Exercise brief: In the entries that follow, repeat exactly the lines from the one that has "Babyvestje met ronde" through the one that has "Amateur Drives the", but omit pictures.

Records for processing:
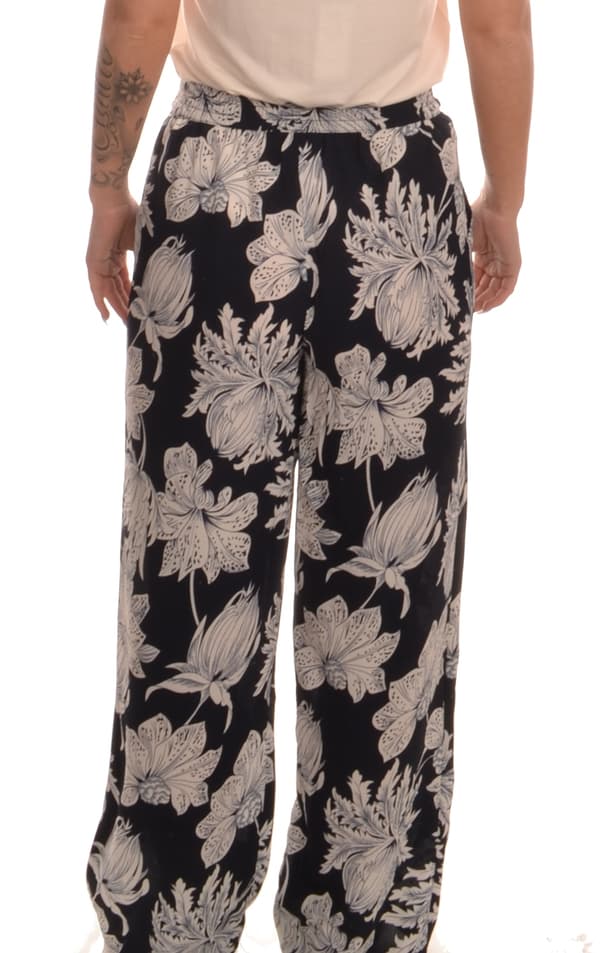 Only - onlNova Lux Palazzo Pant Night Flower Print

--

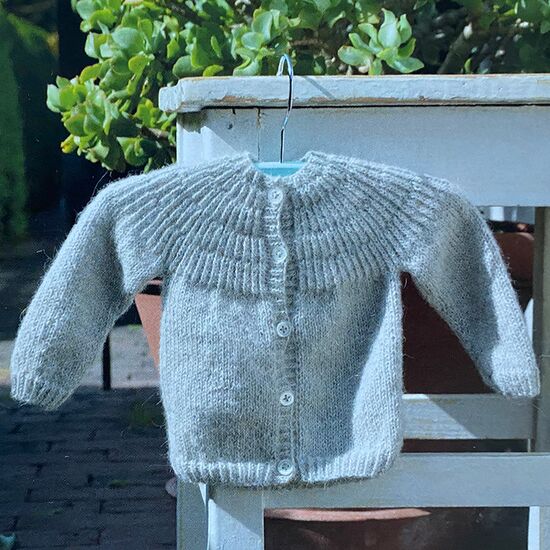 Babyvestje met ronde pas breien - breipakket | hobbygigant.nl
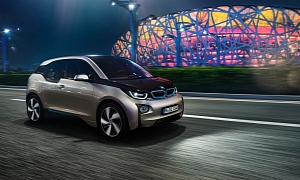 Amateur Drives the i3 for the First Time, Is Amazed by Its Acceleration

Result for this task:
 Babyvestje met ronde pas breien - breipakket | hobbygigant.nl
 Amateur Drives the i3 for the First Time, Is Amazed by Its Acceleration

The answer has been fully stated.